The settlement still has to be approved by a hearing panel.

The former registered representative, Matthew Philip Ewing, was sanctioned in January for his conduct while he was employed by RBC Dominion Securities, Inc., and then NBF. Following a hearing, CIRO issued a 10-year ban, and hit him with a $75,000 fine plus $50,000 in costs.

Now, CIRO has found that NBF failed to adequately supervise Ewing between April 2021 and August 2022. While NBF questioned Ewing when it found note-taking deficiencies during periods of high trading volume and unsuitable trading in some client accounts, the regulator found it did not adequately pursue red flags, the regulator said.

Many trades, not enough notes

Most of Ewing’s clients transferred their investments from RBC DS when he was hired by NBF in March 2021. These accounts arrived invested in securities and some carried margin debt. Ewing told NBF that these accounts needed significant adjustments to comply with NBF’s framework.

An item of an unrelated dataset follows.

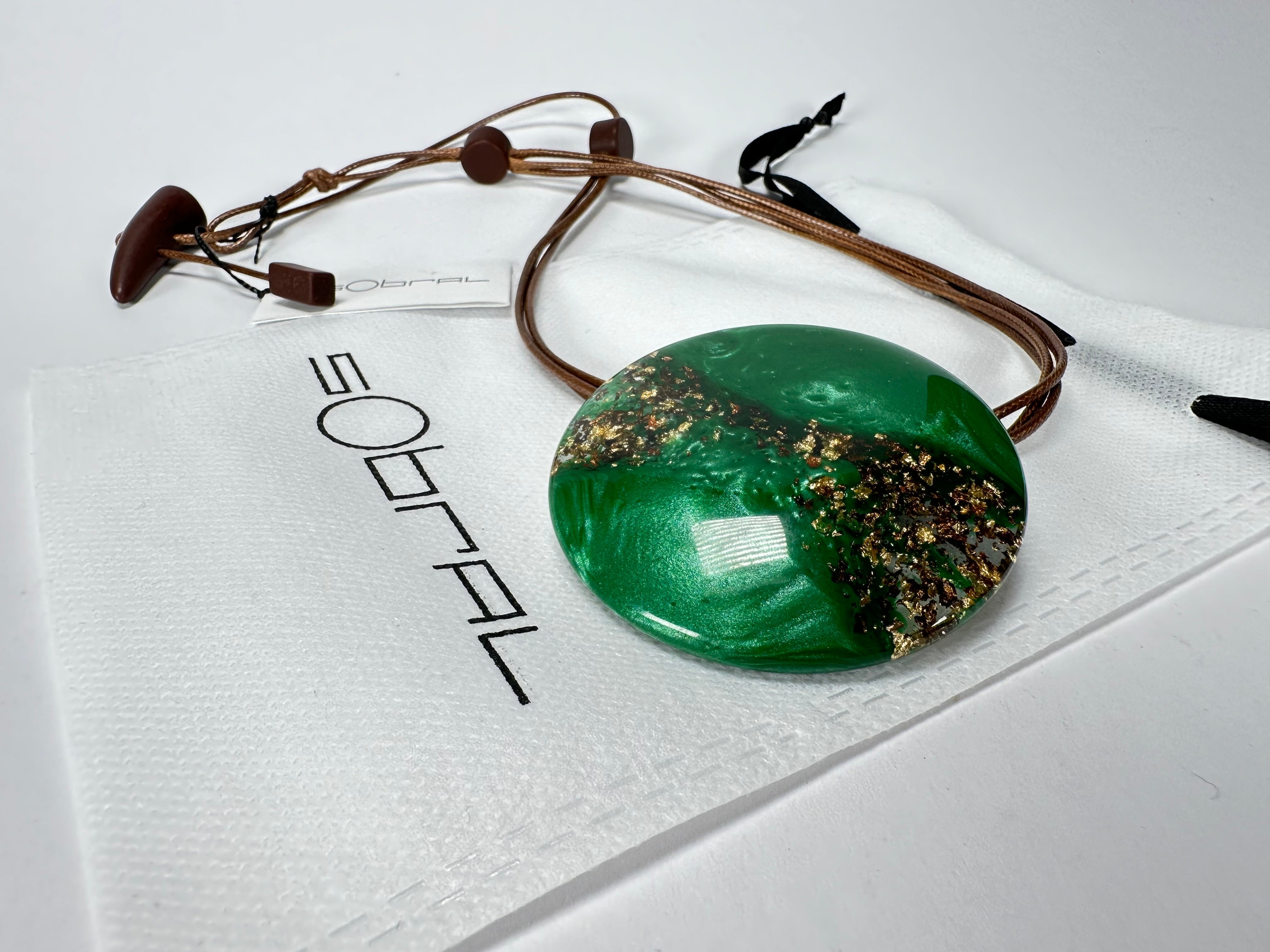 Sobral - Metalique Orlando "Angelina" Green Resin Necklace ( 004438 )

The month after he was hired, Ewing and his associate Philip Soares averaged 267 trades per day. Between May and December 2021, Ewing, who was not registered or qualified as a portfolio manager, exceeded 200 trades on eight trading days.

NBF reviewed Ewing’s trades and asked him about the high volume and checked the quality of his notes. However, it only checked notes related to 12 of Ewing’s 5,887 trades in April 2021. After the regulator informed NBF of an investigation against Ewing in August, the dealer completed a review finding that 49% of Ewing’s June trades and 17% of his July trades reviewed did not have notes.

NBF asked about 13 trades selected from the July 2021 report, 12 of which did not have notes. Ewing did not produce the missing notes, nor any other missing notes for June or July 2021, but NBF still closed the inquiry.

“The small sample size, the inadequacy of the notes reviewed and Ewing’s explanation should have raised further red flags, and caused NBF to insist upon Ewing producing client notes confirming client instructions. NBF did not do so,” CIRO said.

High risk securities

In addition, almost 35% of Ewing’s book was invested in six high risk securities in December 2021, which were inconsistent with the stated account objectives for some clients.

Some of Ewing’s clients’ equity component outweighed the firm’s allowed equity percentage for their chosen investment profile. When NBF prompted Ewing to address these suitability concerns, CIRO noted he lied, saying that clients were aware of it.

Margin call

The number of Ewing’s client accounts using margin grew from 61 in April 2021 to 101 by November. There were 251 margin calls in August that year and 260 in November.

Despite some NBF staff knowing the number of margin calls in Ewing’s clients’ accounts, NBF didn’t take appropriate action to address the issue, CIRO said. By December, Ewing had more clients using margin than any other NBF advisor and NBF asked for an explanation. Ewing didn’t respond and NBF required Ewing to eliminate margin usage by May 2022.

Ewing continued to use margin without documented approvals. NBF extended the deadline to August, which Ewing missed, before suspending him in October and terminating him in November 2022.

As a result, NBF compensated 28 of the affected clients, and implemented new compliance measures to prevent similar failures from reoccurring.